▸ **DATA BLOCK**:
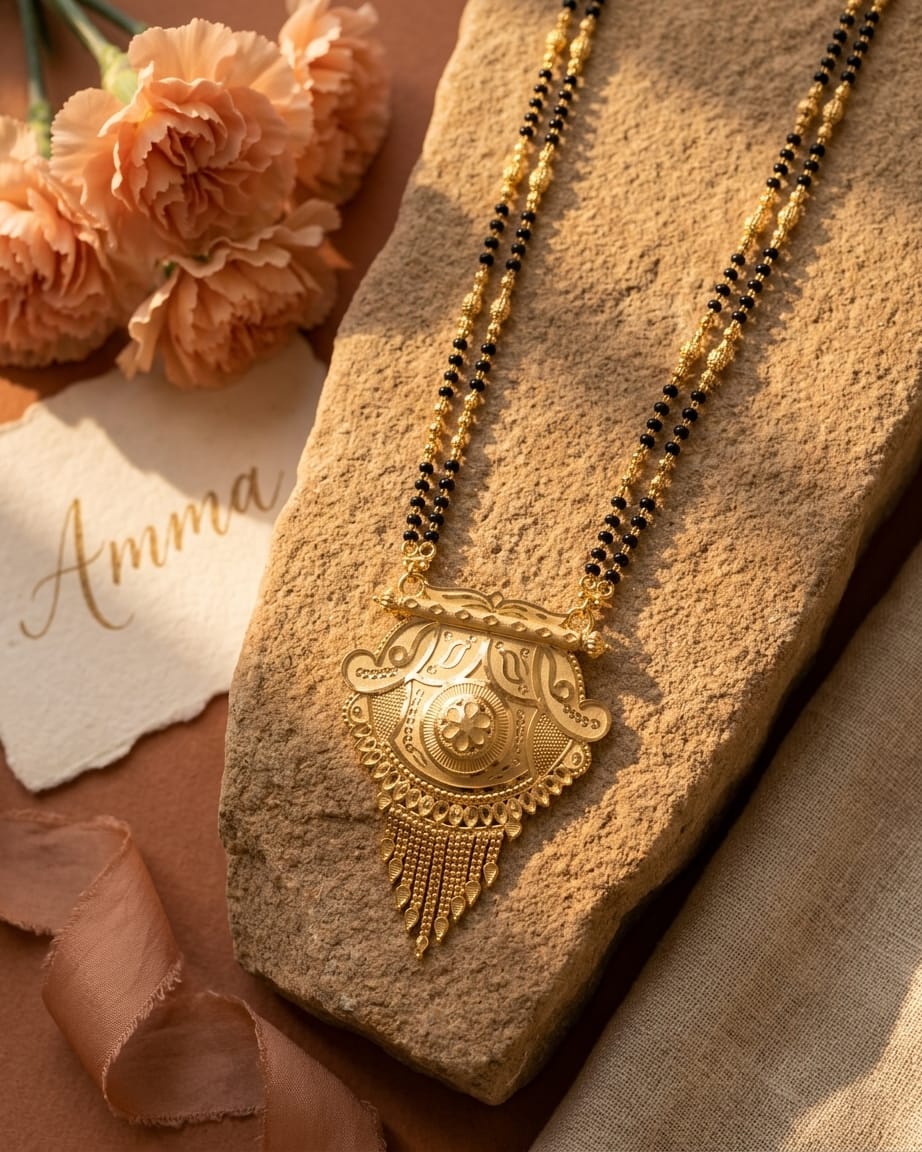 Meher Temple Design 18K Gold Plated Mangalsutra | Traditional Floral Pendant for Women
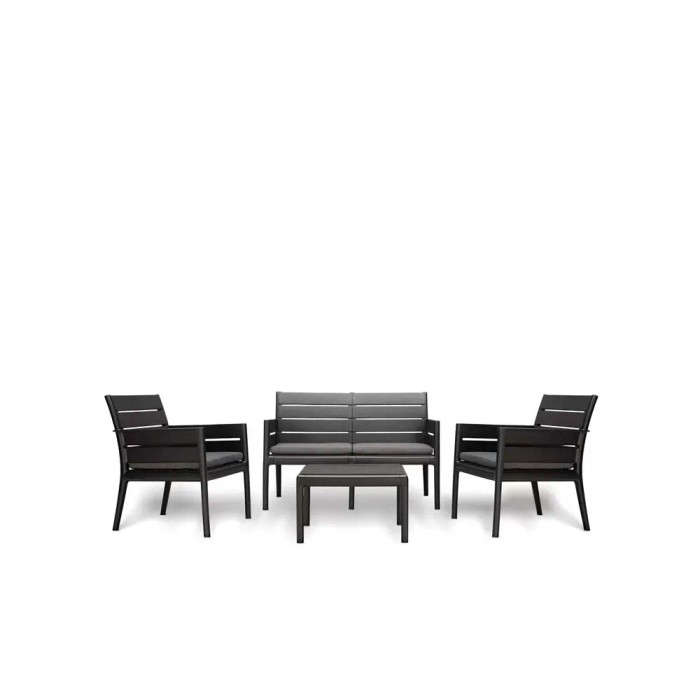 Set di mobili da giardino grigio con divano, due poltrone e tavolo.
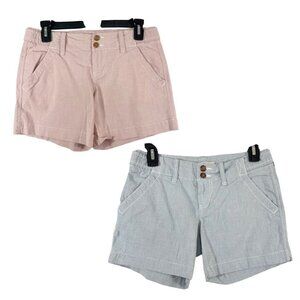Lot of 2 Old Navy Chino Shorts Casual Nautical Preppy Pink & Blue - Size 2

▸ **WORK ORDER**: Please print exactly the lines running from the line with "Set di mobili" through the final line of the material, and nothing more. Keep pictures out.

▸ **SOLUTION FOR THIS TASK**:
 Set di mobili da giardino grigio con divano, due poltrone e tavolo.
Lot of 2 Old Navy Chino Shorts Casual Nautical Preppy Pink & Blue - Size 2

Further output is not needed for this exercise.